> **Activity**: Beginning with the line containing "When you enabled" and going on through the line containing "I hope this training", the lines below are to be returned exactly, pictures excluded and nothing added.

> **Given entries**:
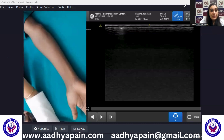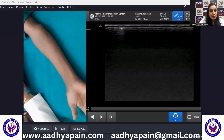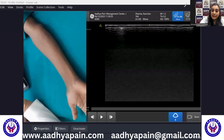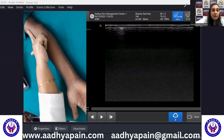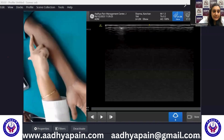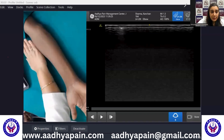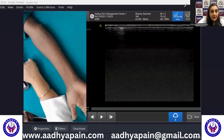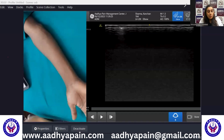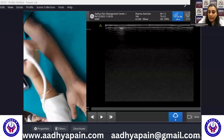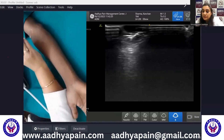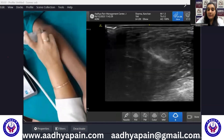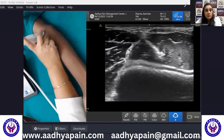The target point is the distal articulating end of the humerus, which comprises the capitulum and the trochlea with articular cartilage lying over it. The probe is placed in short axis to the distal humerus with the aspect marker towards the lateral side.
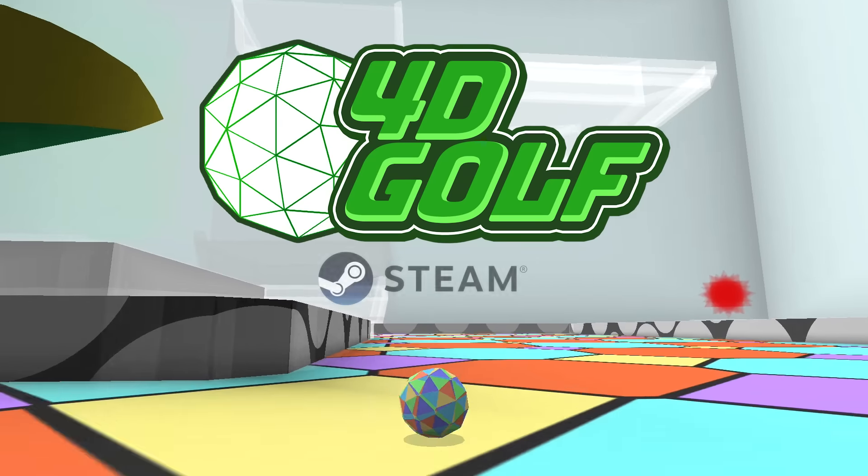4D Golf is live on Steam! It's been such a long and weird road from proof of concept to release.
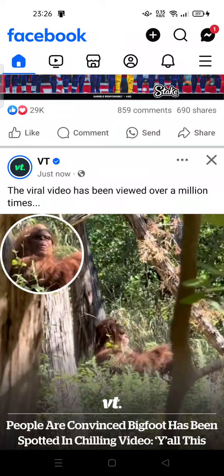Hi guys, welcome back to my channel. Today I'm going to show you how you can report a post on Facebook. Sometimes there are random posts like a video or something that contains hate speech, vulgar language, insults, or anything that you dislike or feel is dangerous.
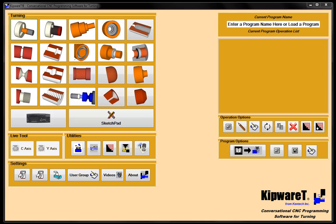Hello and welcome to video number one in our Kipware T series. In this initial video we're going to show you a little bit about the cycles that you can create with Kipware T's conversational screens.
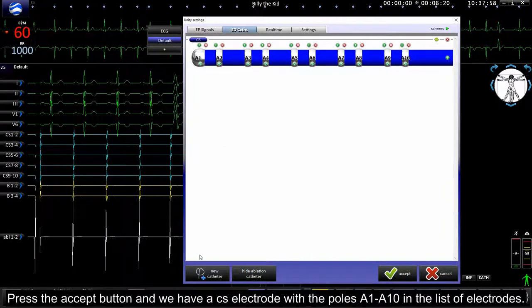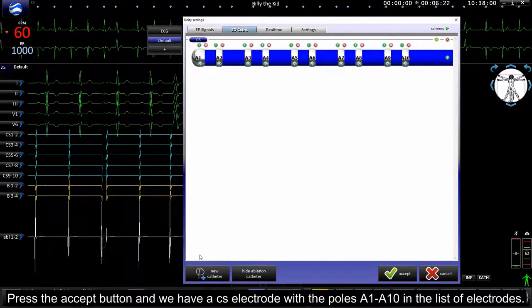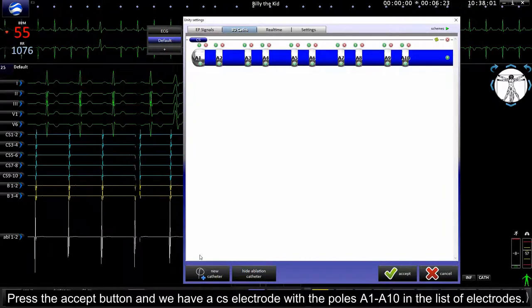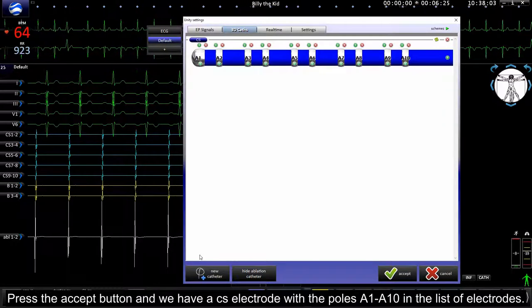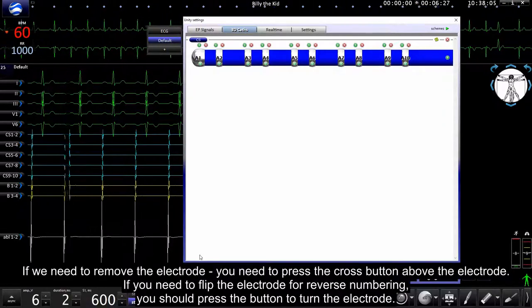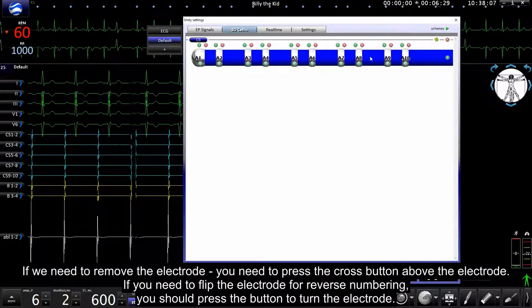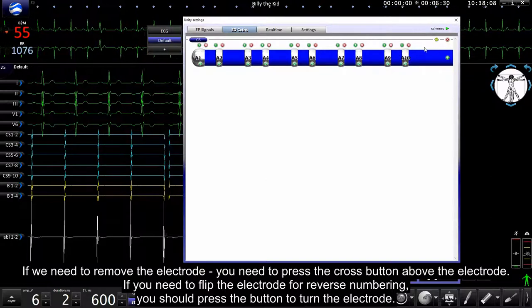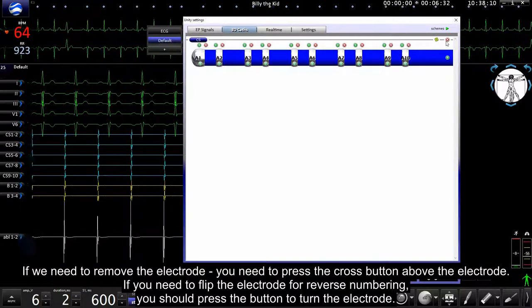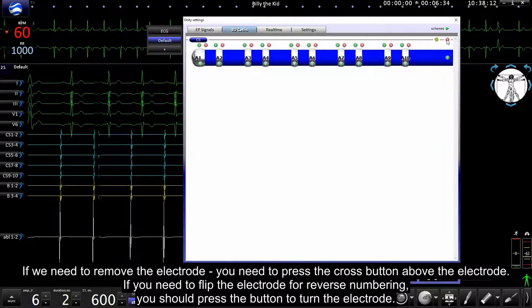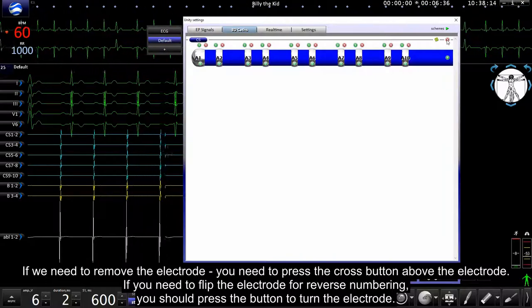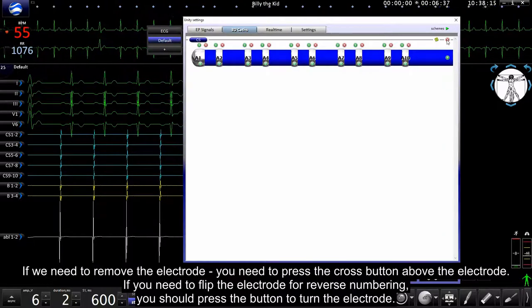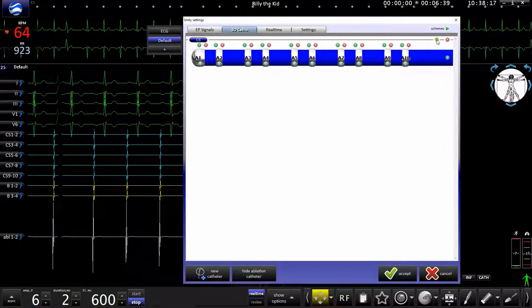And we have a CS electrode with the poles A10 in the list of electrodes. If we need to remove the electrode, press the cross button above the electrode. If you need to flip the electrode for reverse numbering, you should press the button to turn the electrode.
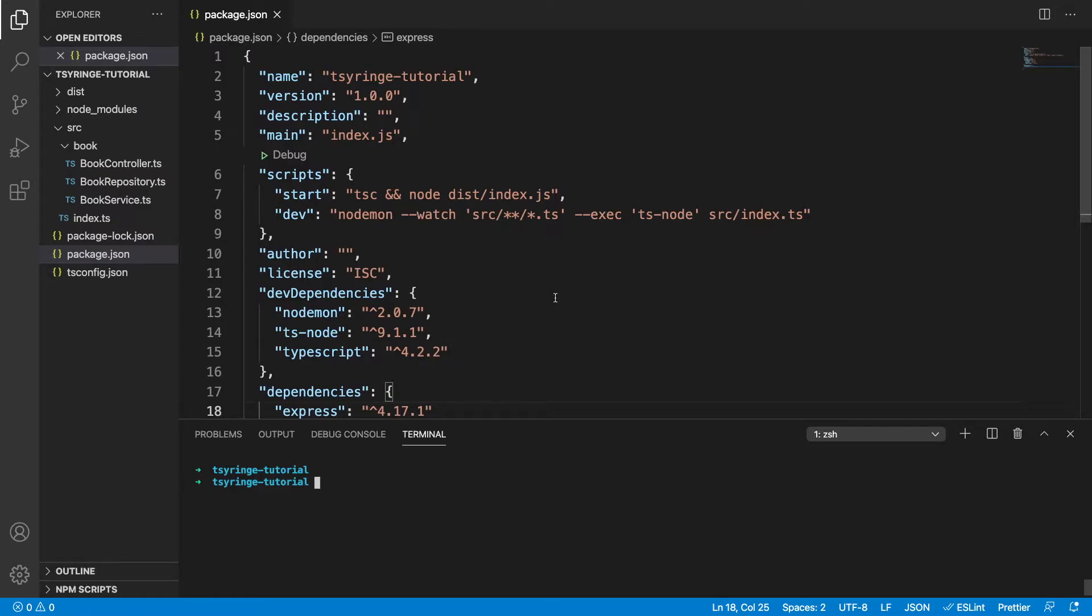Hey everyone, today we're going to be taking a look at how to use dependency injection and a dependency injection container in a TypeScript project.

--

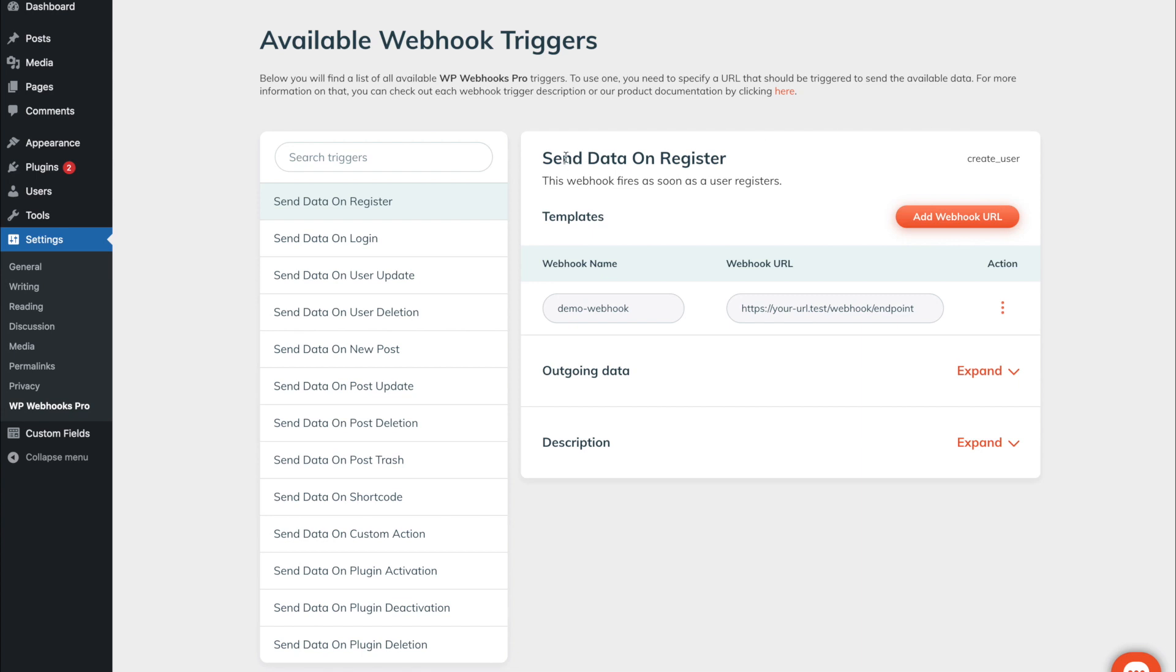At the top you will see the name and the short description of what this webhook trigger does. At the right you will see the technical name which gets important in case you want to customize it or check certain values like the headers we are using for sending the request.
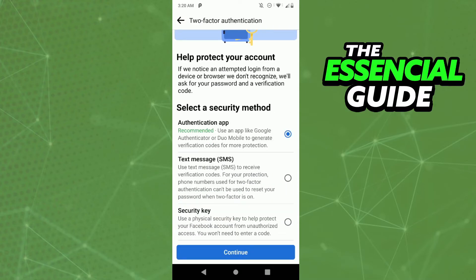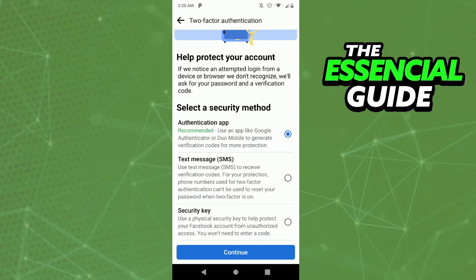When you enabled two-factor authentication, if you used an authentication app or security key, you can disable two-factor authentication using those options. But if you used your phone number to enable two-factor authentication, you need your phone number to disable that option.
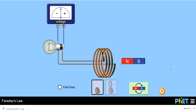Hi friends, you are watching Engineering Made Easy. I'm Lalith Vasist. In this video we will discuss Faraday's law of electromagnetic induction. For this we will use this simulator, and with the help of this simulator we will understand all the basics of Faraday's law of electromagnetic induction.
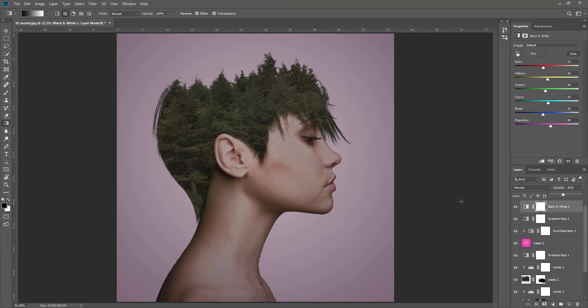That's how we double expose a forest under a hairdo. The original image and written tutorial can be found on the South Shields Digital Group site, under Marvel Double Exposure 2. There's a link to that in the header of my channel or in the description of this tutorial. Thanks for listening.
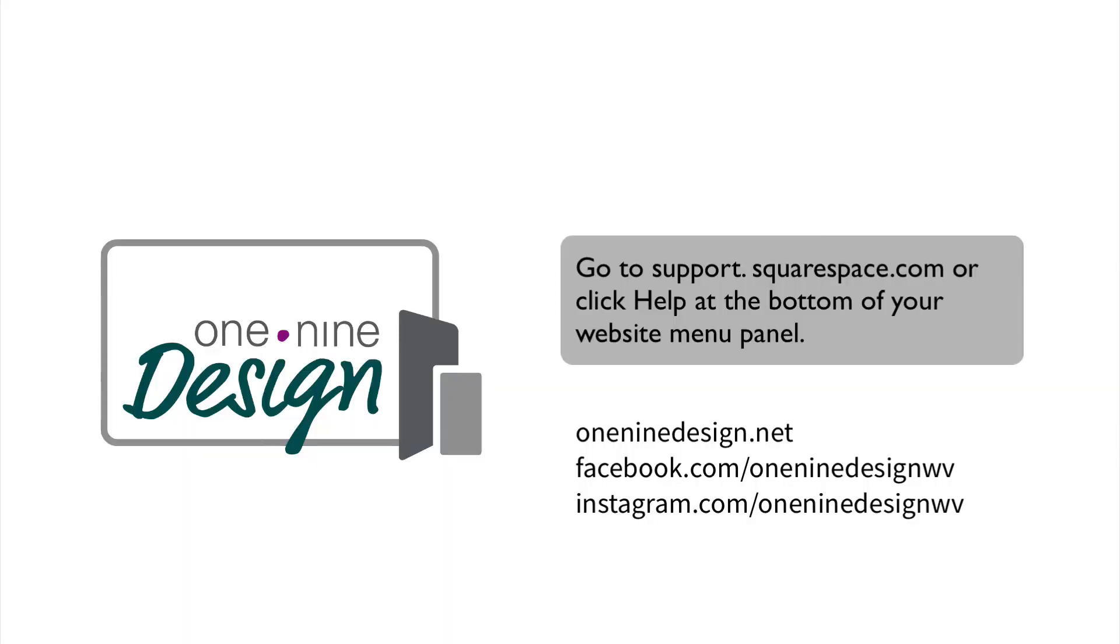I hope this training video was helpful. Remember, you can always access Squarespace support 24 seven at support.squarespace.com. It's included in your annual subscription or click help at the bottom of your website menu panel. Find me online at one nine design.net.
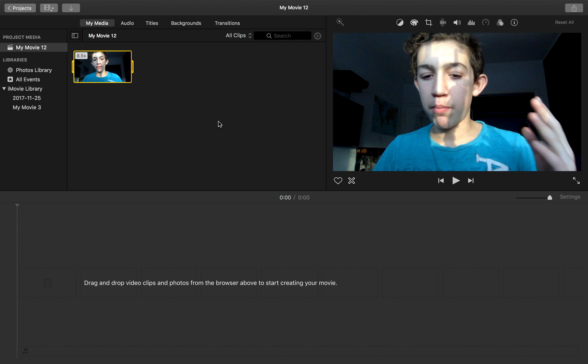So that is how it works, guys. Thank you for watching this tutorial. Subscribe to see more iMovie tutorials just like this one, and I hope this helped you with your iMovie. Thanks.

> **Output for this task**:
When you enabled two-factor authentication, if you used an authentication app or security key, you can disable two-factor authentication using those options. But if you used your phone number to enable two-factor authentication, you need your phone number to disable that option.
Hi friends, you are watching Engineering Made Easy. I'm Lalith Vasist. In this video we will discuss Faraday's law of electromagnetic induction. For this we will use this simulator, and with the help of this simulator we will understand all the basics of Faraday's law of electromagnetic induction.
That's how we double expose a forest under a hairdo. The original image and written tutorial can be found on the South Shields Digital Group site, under Marvel Double Exposure 2. There's a link to that in the header of my channel or in the description of this tutorial. Thanks for listening.
I hope this training video was helpful. Remember, you can always access Squarespace support 24 seven at support.squarespace.com. It's included in your annual subscription or click help at the bottom of your website menu panel. Find me online at one nine design.net.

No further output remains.